Images of the aftermath show that the front-end of the Model X was completely destroyed either because of the impact, the extraction process, or the fire (pictures via Dean C. Smith on Twitter):

Interestingly, Tesla sent engineers to assist the firefighters in removing the vehicle and its battery pack from the scene (pictures via Dean C. Smith on Twitter):

The authorities are reportedly investigating the cause of the fire.

Electrek’s Take

It’s a tragic accident, but as previously discussed, nothing indicates that electric vehicles, like Tesla’s vehicles, catch on fire more often than gas-powered cars.

It’s not uncommon for any vehicle to catch on fire after a severe high-speed crash, which seems to be the case here.
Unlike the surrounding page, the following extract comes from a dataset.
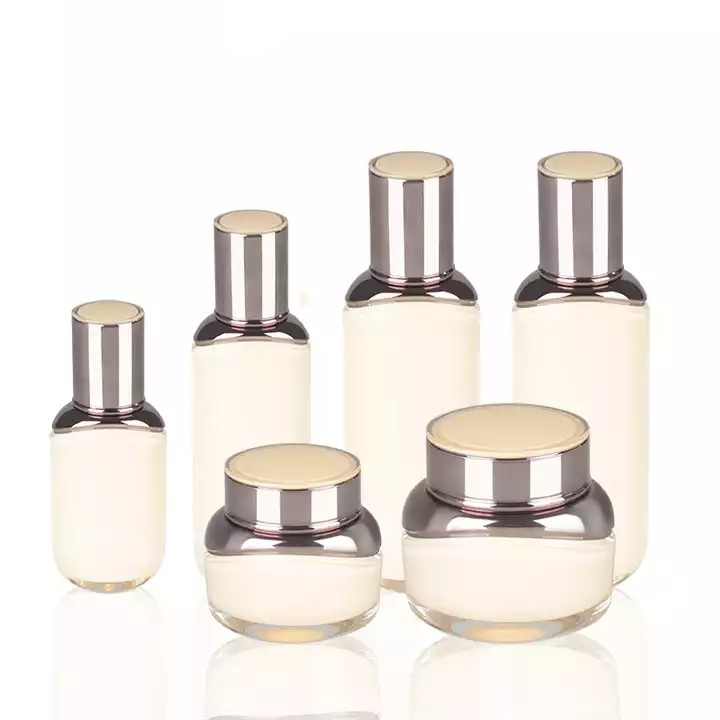 Beige Color Acrylic Lotion Bottles and face cream Jars Sets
But with this said, it’s still important for first responders to have a good understanding of how to approach a lithium battery fire.

Tesla recommends using “large amounts of water” to extinguish a battery fire in its vehicles and to use a thermal imaging camera to monitor the battery for at least one hour after it is found to be completely cooled:

“If the high voltage battery catches fire, is exposed to high heat, or is bent, twisted, cracked, or breached in any way, use large amounts of water to cool the battery. DO NOT extinguish with a small amount of water. Always establish or request an additional water supply.”

Tesla also has firewalls inside the battery pack that can slow down the fire from spreading between the modules.

In this case, it seems to have stopped about halfway through the pack.